START Given information
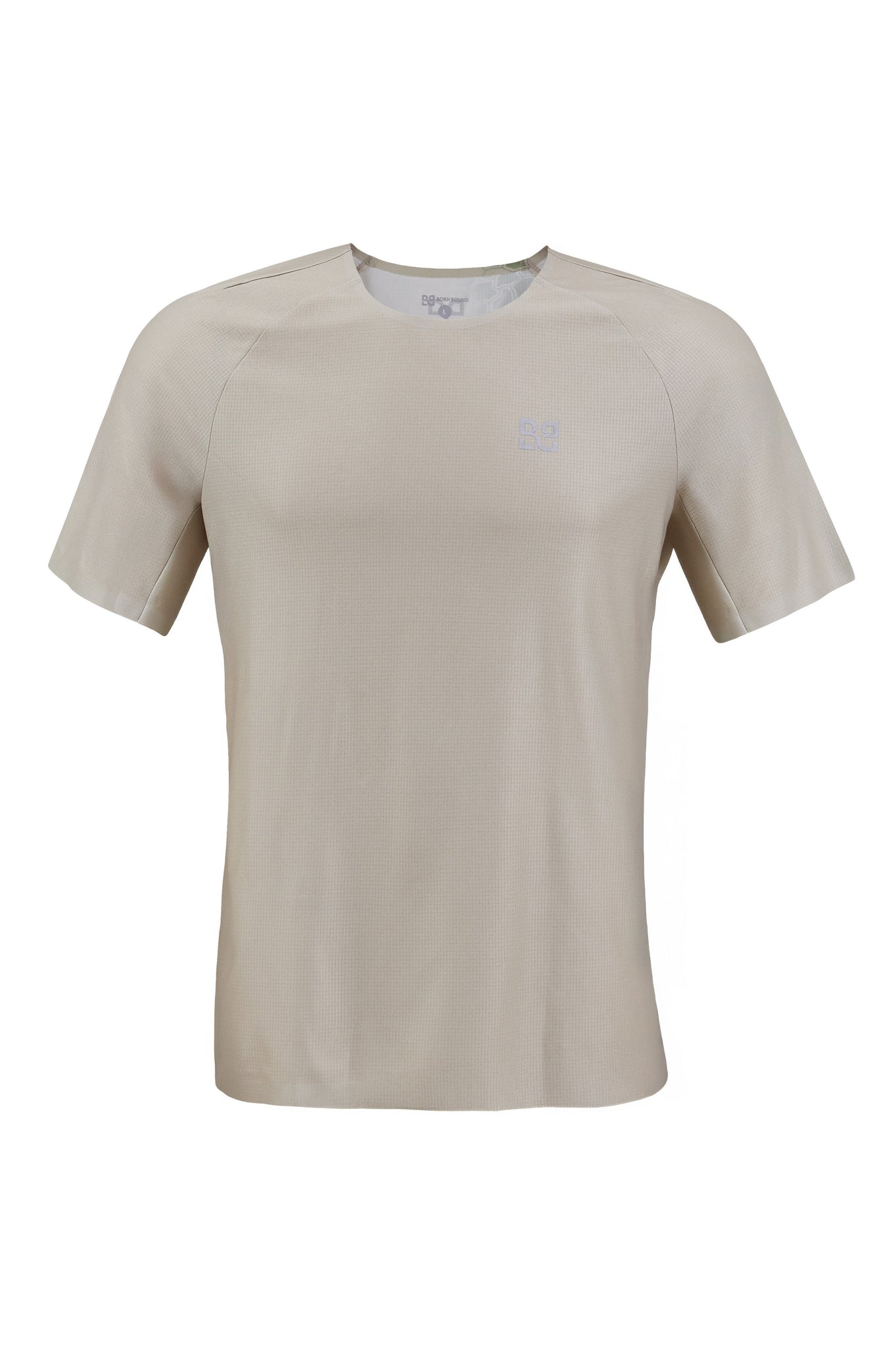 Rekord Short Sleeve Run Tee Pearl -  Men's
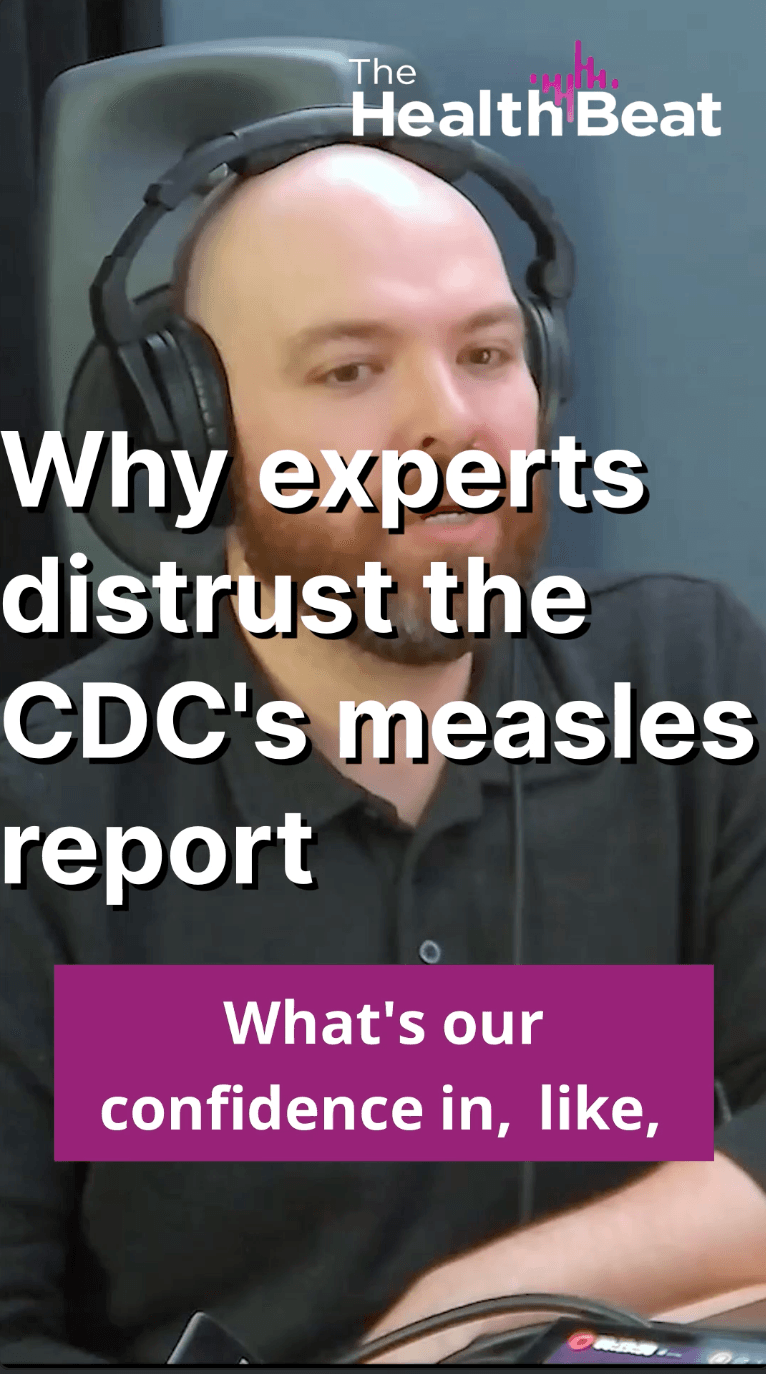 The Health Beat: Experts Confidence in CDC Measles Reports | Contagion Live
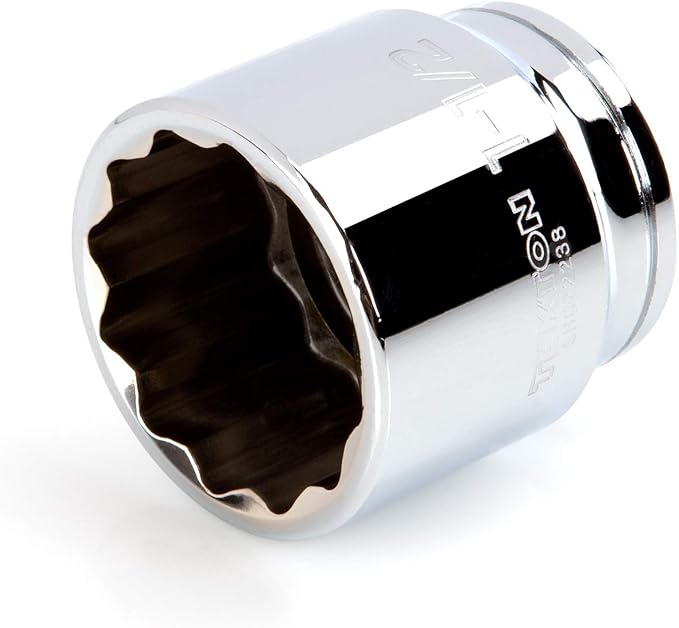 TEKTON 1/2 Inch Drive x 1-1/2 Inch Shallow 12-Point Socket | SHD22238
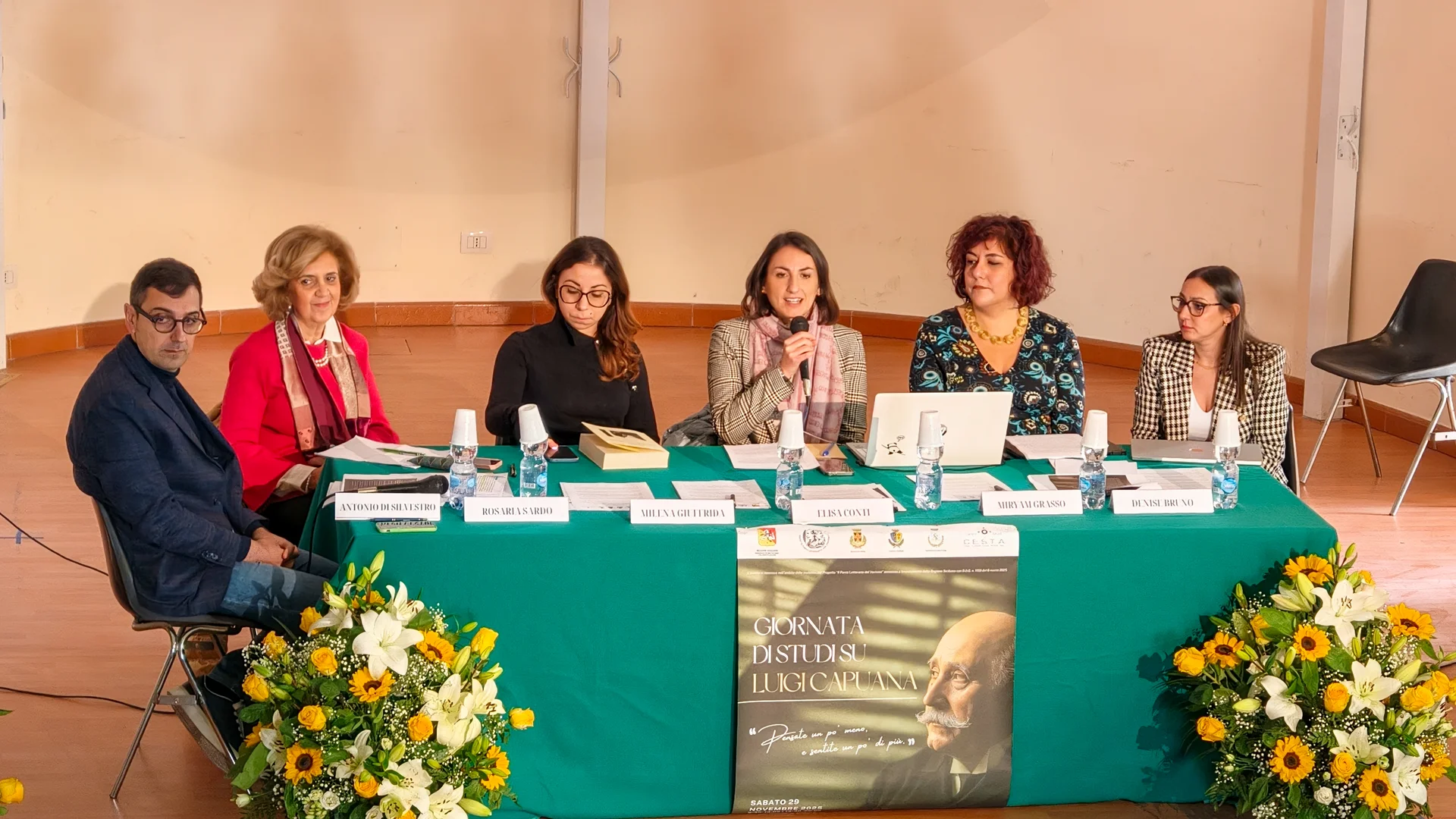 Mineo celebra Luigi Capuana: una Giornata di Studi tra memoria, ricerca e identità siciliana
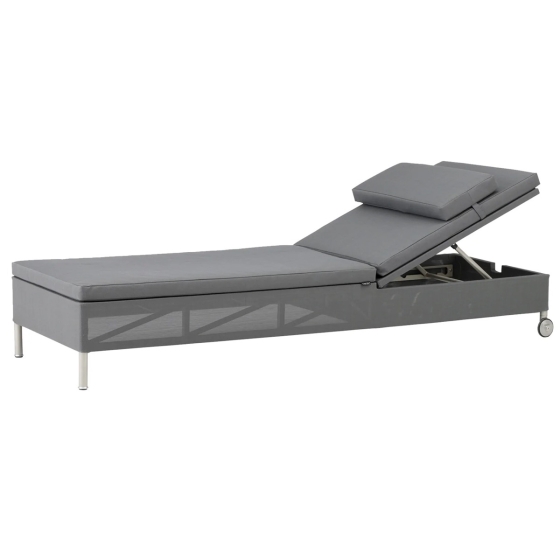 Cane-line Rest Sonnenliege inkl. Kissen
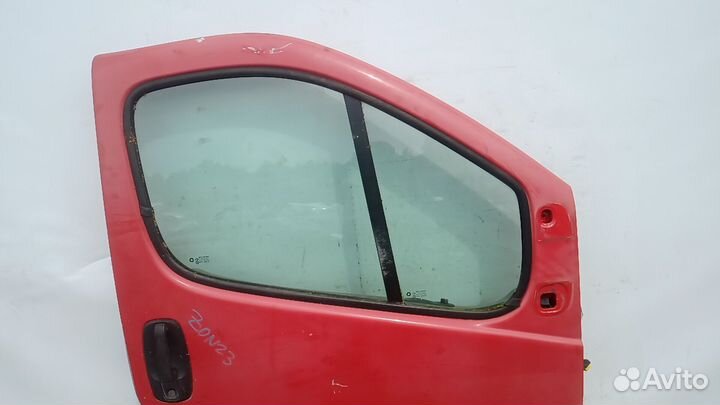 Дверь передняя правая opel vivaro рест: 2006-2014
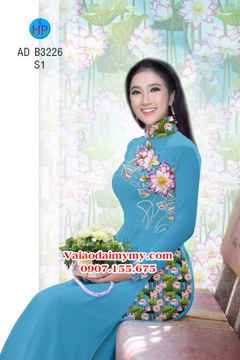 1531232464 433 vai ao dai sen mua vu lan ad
END Given information
» What is needed
Copy the lines starting at the line that contains "Дверь передняя правая" and running to the final line of the entries, inclusive; omit all pictures.

» Problem solution
 Дверь передняя правая opel vivaro рест: 2006-2014
 1531232464 433 vai ao dai sen mua vu lan ad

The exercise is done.